Employers may have granted entitlements to redundancy pay through enterprise agreements in wider situations than provided by the National Employment Standards (NES). The Full Bench of the Fair Work Commission has ruled that the entitlement to redundancy pay in an enterprise agreement should not be ‘read down’ to exclude the ‘ordinary and customary turnover of labour’ concept, which can be found in the redundancy provisions of the NES.


The Full Bench was asked to consider the construction of redundancy provisions in an enterprise agreement following a dispute between an employer and several unions about whether a group of employees were entitled to redundancy pay.

The relevant enterprise agreement included terms that provided for redundancy pay based on continuous periods of service where employees were terminated “by reason of redundancy.”

The term “redundancy” was not defined in the enterprise agreement, and other than an employee’s period of service and commencement date, there were no other factors limiting an employee’s entitlement to redundancy pay.
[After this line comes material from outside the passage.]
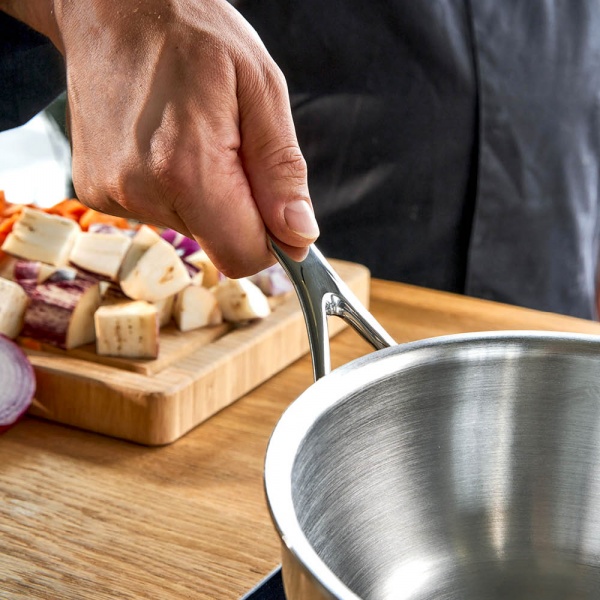 Сотейник конический 18 см Silvinox Atlantis 7 40850-926-0 Demeyere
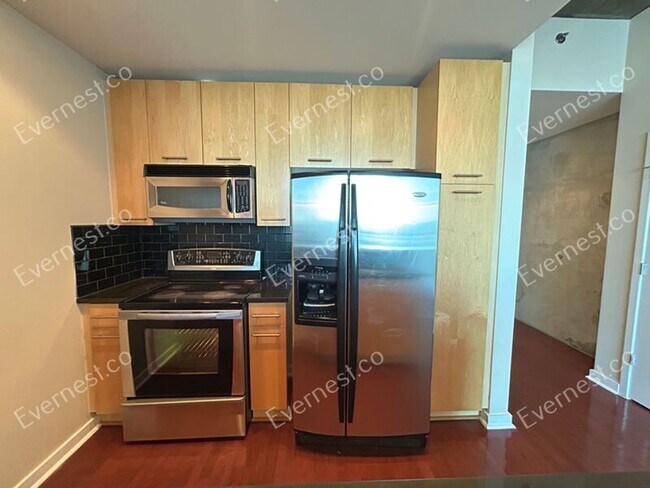 Foto del edificio - 3324 Peachtree Rd NE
Although, as the Full Bench points out, the NES does not define the term redundancy, it does limit the circumstances in which an employee will be entitled to redundancy pay. Relevantly, section 119 of the Fair Work Act 2009 (the Act) excludes terminations “due to the ordinary and customary turnover of labour.” This exclusion was not set out in the relevant enterprise agreement.

The employer in this case had tendered for, but had been unsuccessful in, obtaining a new contract for the work performed by a group of its employees. As a result, it terminated their employment and argued that it did not have an obligation to pay redundancy pay because the termination was as a result of the ordinary and customary turnover of labour.

The litigation

The unions had argued, amongst other matters, that:

  • the express terms of the enterprise agreement did not differentiate between redundancies on the basis that they were the result of the ‘ordinary and customary turnover of labour’;
  • if the parties had intended to exclude terminations on that basis, it would have been simple to set out that exclusion;
  • the ordinary meaning of ‘redundancy’ does not exclude terminations by reason of the ‘ordinary and customary turnover of labour’; and
  • the enterprise agreement incorporated by reference the redundancy terms of two modern awards, neither of which excluded terminations by reason of the ‘ordinary and customary turnover of labour.’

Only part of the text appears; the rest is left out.